İbrâhim Edhem hazretleri, bir yemeğe da’vet edilmişdi. Sofrada, çağırılanlardan birinin bulunmadığı söylenince, o ağır kimsedir, denildi. İbrâhim bin Edhem, gıybet edildi, buyurdu ve çıkıp gitdi.
Hasen-i Basrî hazretlerine, birisinin kendisini gıybet etdiğini haber verdiler. Ona bir tabak helva gönderip, (Sevâblarını bana hediyye etdiğini işitdim. Karşılık olarak bu tatlıyı gönderiyorum) dedi. İmâm-ı A’zâm Ebû hanîfe hazretlerine de, birisinin kendini gıybet etdiğini söylediler.
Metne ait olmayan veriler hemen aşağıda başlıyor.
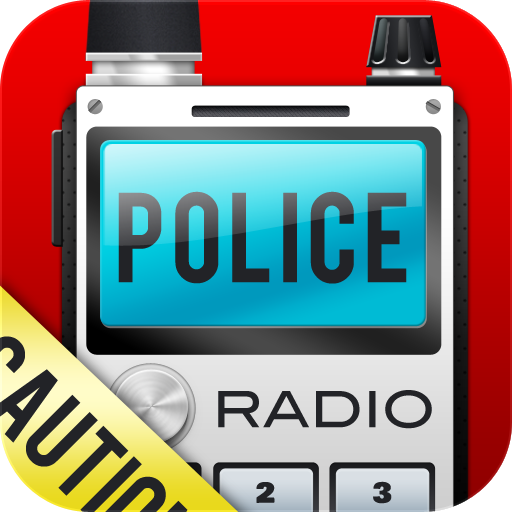 Best Police Scanner App For Kindle Fire ~ Object Data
Ona bir kese altın gönderip, (bize verdiği sevâbları artdırırsa biz de karşılığını artdırırız) dedi.
Yapılan kötüleme yalan ise, iftirâ ise, zararı söyliyene olur. (Onun sevâbları bana verilir. Benim günâhlarım ona yüklenir) demelidir. İftirâ etmek, gıybet etmekden dahâ fenâdır.
Yanında gıybet yapıldığını işiten kimse, buna hemen mânî olmalıdır. Hadîs-i şerîflerde buyuruldu ki:
“Din kardeşine, onun haberi olmadan yardım eden kimseye, Allahü teâlâ dünyâda ve âhıretde yardım eder.”
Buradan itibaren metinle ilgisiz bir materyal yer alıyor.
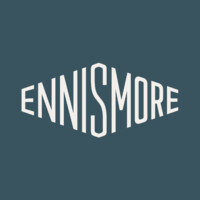Ennismore logo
“Yanında, din kardeşi gıybet edilince, gücü yetdiği halde ona yardım etmiyen kimsenin günâhı, dünyâda ve âhıretde kendine yetişir.”
“Bir kimse, dünyâda din kardeşinin hakkını korursa, Allahü teâlâ, bir melek göndererek, onu, Cehennem azâbından korur.”